1984

Michel Onfray : « La théorie du genre prépare le transhumain, objectif final du capitalisme »

L’essayiste et philosophe Michel Onfray sort un livre* dans lequel il dresse une théorie de la dictature en s’appuyant sur l’œuvre de George Orwell. Il y affirme que nous sommes entrés dans un nouveau type de société totalitaire qui détruit la liberté, abolit la vérité ou bien nie la nature.

  • Est-ce que vous n’exagérez pas en soutenant que la France de 2019 ressemble à la société de 1984 d’Orwell 

Non, pas du tout… Et je crois même qu’en douter prouve d’ailleurs bien que nous y sommes !

La dictature a un long passé. Elle tient son nom de Rome où l’on donnait à un homme les pleins pouvoirs afin de résoudre un problème, pleins pouvoirs qu’il rendait d’ailleurs sans coup férir une fois la mission accomplie. La dictature a quitté l’orbe occidental avec l’empereur de Mongolie Gengis Khan au XIIe-XIIIe siècle ou avec Tamerlan, l’émir de Transoxiane au siècle suivant. Elle  revient en Europe avec Savonarole au XVe siècle, puis avec Cromwell, Calvin, Robespierre et son Comité de salut public, etc.

Or, la plupart du temps, on pense la dictature en regard des fascismes bruns ou rouge de Hitler, Lénine, Staline, Mao, Pol-Pot. Notre incapacité à envisager la chose à partir des longues durées nous contraint désormais à ne plus savoir penser la question de la dictature en dehors de notre passé le plus récent. Or, Hitler et Staline ne sont pas la mesure éternelle et hors histoire de la dictature.

  • Pourquoi vous êtes-vous appuyé sur l’œuvre d’Orwell pour théoriser la dictature ?
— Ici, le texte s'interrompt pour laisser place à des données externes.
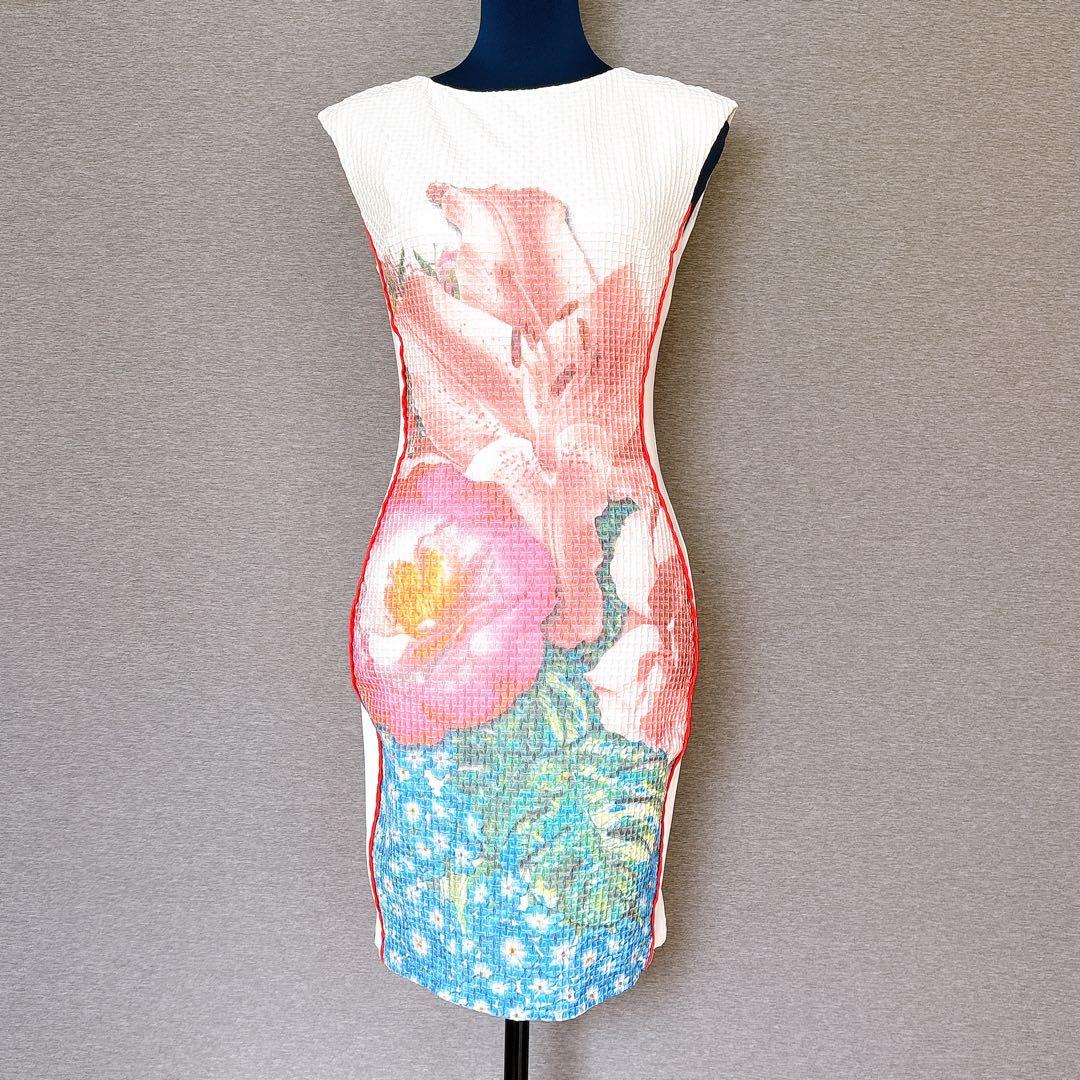 ☘️無料匿名配送 花柄 ワッフル素材 タイトワンピ 海外デザイン キャバドレス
Je pose l’hypothèse qu’Orwell est un penseur politique à l’égal de Machiavel ou de La Boétie et que 1984 permet de penser les modalités d’une dictature postnazie ou poststalinienne, et ce dans des formes dont j’examine l’existence dans notre époque.

Quand il m’a fallu synthétiser mon travail, j’ai proposé le schéma d’une dictature d’un type nouveau. Elle suppose un certain nombre d’objectifs : détruire la liberté ; appauvrir la langue ; abolir la vérité ; supprimer l’histoire ; nier la nature ; propager la haine ; aspirer à l’Empire.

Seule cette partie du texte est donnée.